Example output from `nvbench.example.throughput`
# Devices
## [0] `Quadro GV100`
* SM Version: 700 (PTX Version: 700)
* Number of SMs: 80
* SM Default Clock Rate: 1627 MHz
* Global Memory: 32163 MiB Free / 32508 MiB Total
* Global Memory Bus Peak: 870 GiB/sec (4096-bit DDR @850MHz)
* Max Shared Memory: 96 KiB/SM, 48 KiB/Block
* L2 Cache Size: 6144 KiB
* Maximum Active Blocks: 32/SM
* Maximum Active Threads: 2048/SM, 1024/Block
* Available Registers: 65536/SM, 65536/Block
* ECC Enabled: No
# Log
Run: throughput_bench [Device=0]
Warn: Current measurement timed out (15.00s) while over noise threshold (1.26% > 0.50%)
Pass: Cold: 0.262392ms GPU, 0.267860ms CPU, 7.19s total GPU, 27393x
Pass: Batch: 0.261963ms GPU, 7.18s total GPU, 27394x
# Benchmark Results
## throughput_bench
### [0] Quadro GV100
| NumElements | DataSize | Samples | CPU Time | Noise | GPU Time | Noise | Elem/s | GlobalMem BW | BWPeak | Batch GPU | Batch |
|-------------|------------|---------|------------|-------|------------|-------|---------|---------------|--------|------------|--------|
| 16777216 | 64.000 MiB | 27393x | 267.860 us | 1.25% | 262.392 us | 1.26% | 63.940G | 476.387 GiB/s | 58.77% | 261.963 us | 27394x |
To get started using NVBench with your own kernels, consider trying out the NVBench Demo Project.
nvbench_demo
provides a simple CMake project that uses NVBench to build an
example benchmark. It's a great way to experiment with the library without a lot
of investment.
Contributions are welcome!
For current issues, see the issue board. Issues labeled with are good for first time contributors.
To build nvbench
tests:
mkdir -p build
cd build
cmake -DNVBench_ENABLE_TESTING=ON .. && make
Tests are built by default into build/bin
and prefixed with nvbench.test
.
To run all tests:
make test
or
ctest
NVBench is released under the Apache 2.0 License with LLVM exceptions. See LICENSE.

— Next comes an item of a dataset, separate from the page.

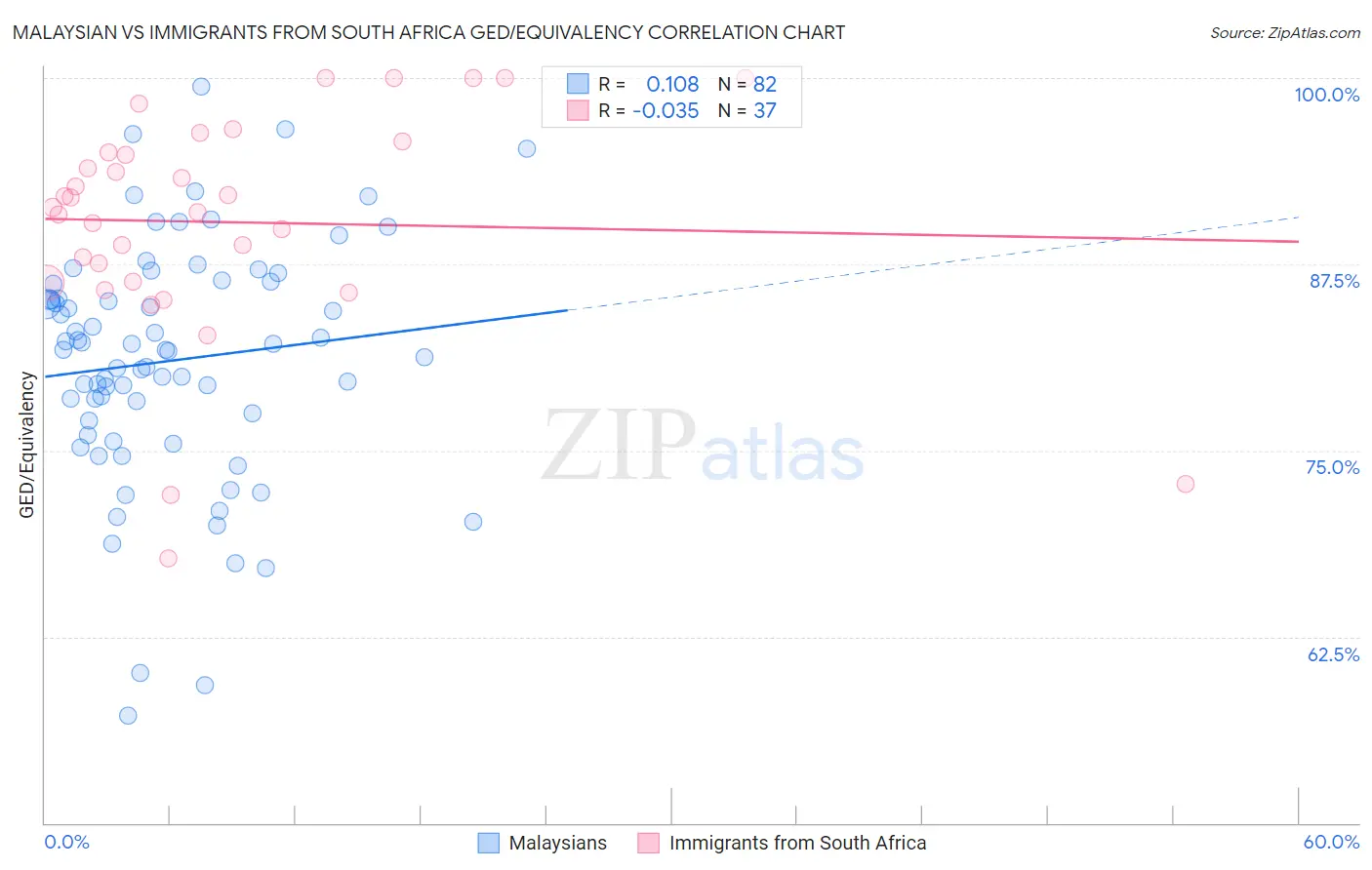 Malaysian vs Immigrants from South Africa GED/Equivalency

NVBench will measure the CPU and CUDA GPU execution time of a single host-side critical region per benchmark. It is intended for regression testing and parameter tuning of individual kernels. For in-depth analysis of end-to-end performance of multiple applications, the NVIDIA Nsight tools are more appropriate.
NVBench is focused on evaluating the performance of CUDA kernels. It also provides CPU-only benchmarking facilities intended for non-trivial CPU workloads, but is not optimized for CPU microbenchmarks. This may change in the future, but for now, consider using Google Benchmark for high resolution CPU benchmarks.